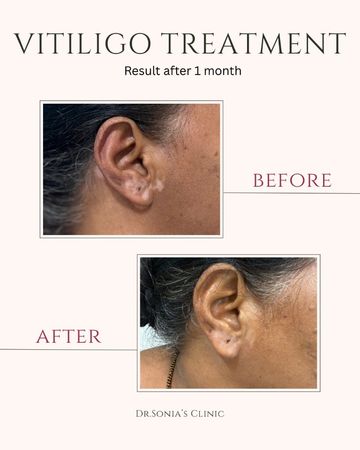 Vitiligo Ear Treatment Before and After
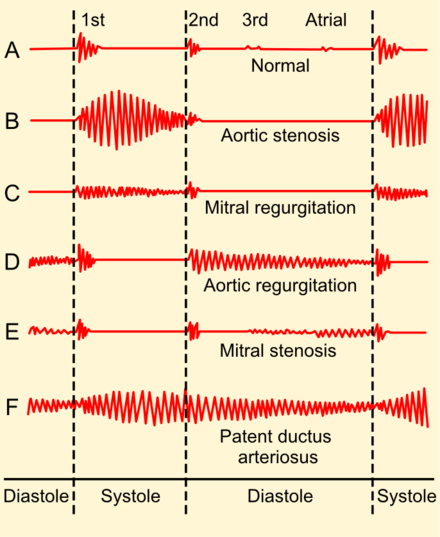 Phonocardiograms (also known as auscultograms) of common heart murmurs.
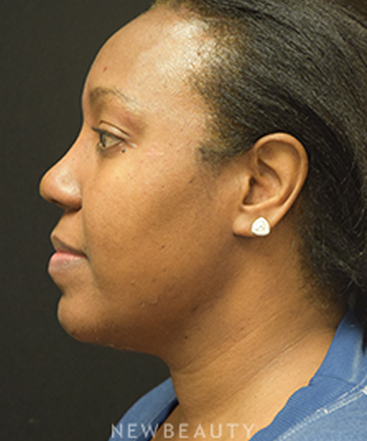dr-jeffrey-b-wise-lipo-rhinoplasty-b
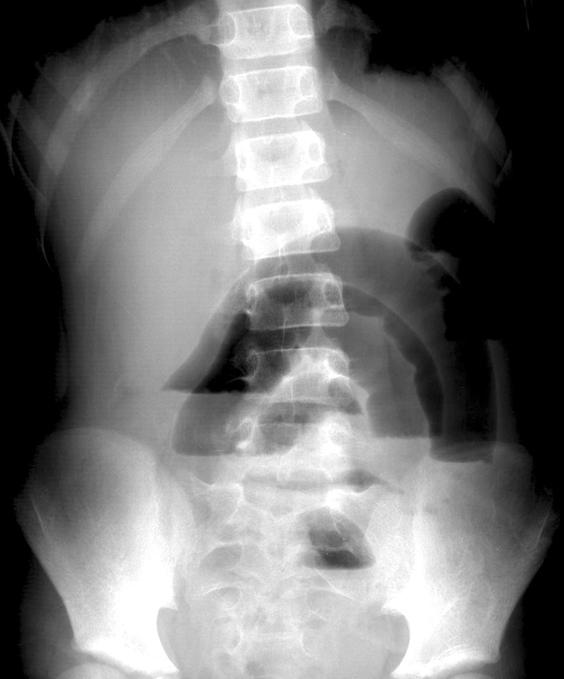 Hee Jung Lee:Plain Abdominal Radiography in Infants and Children ㆍ 135 Fig. 8. Adynamic ileus with gastroenteritis. The fluid levels tend to be long and are the same level on an erect view.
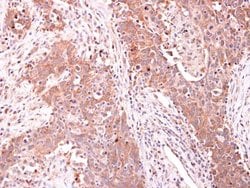 Invitrogen ARPC1A Polyclonal Antibody 100 &mu;L | Buy Online | Invitrogen&trade; | Fisher Scientific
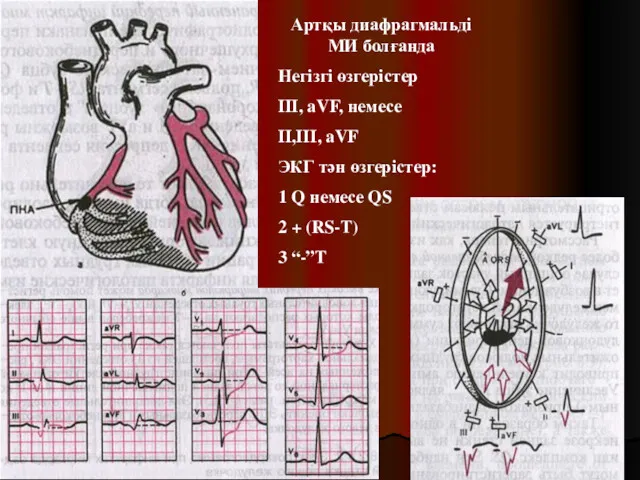 Артқы диафрагмальді МИ болғанда Негізгі өзгерістер III, aVF, немесе II,III, aVF ЭКГ тән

------

### WHAT IS REQUIRED
An exact copy of every entry, without pictures, should be your output.

### SOLVED PROBLEM
 Vitiligo Ear Treatment Before and After
 Phonocardiograms (also known as auscultograms) of common heart murmurs.
dr-jeffrey-b-wise-lipo-rhinoplasty-b
 Hee Jung Lee:Plain Abdominal Radiography in Infants and Children ㆍ 135 Fig. 8. Adynamic ileus with gastroenteritis. The fluid levels tend to be long and are the same level on an erect view.
 Invitrogen ARPC1A Polyclonal Antibody 100 &mu;L | Buy Online | Invitrogen&trade; | Fisher Scientific
 Артқы диафрагмальді МИ болғанда Негізгі өзгерістер III, aVF, немесе II,III, aVF ЭКГ тән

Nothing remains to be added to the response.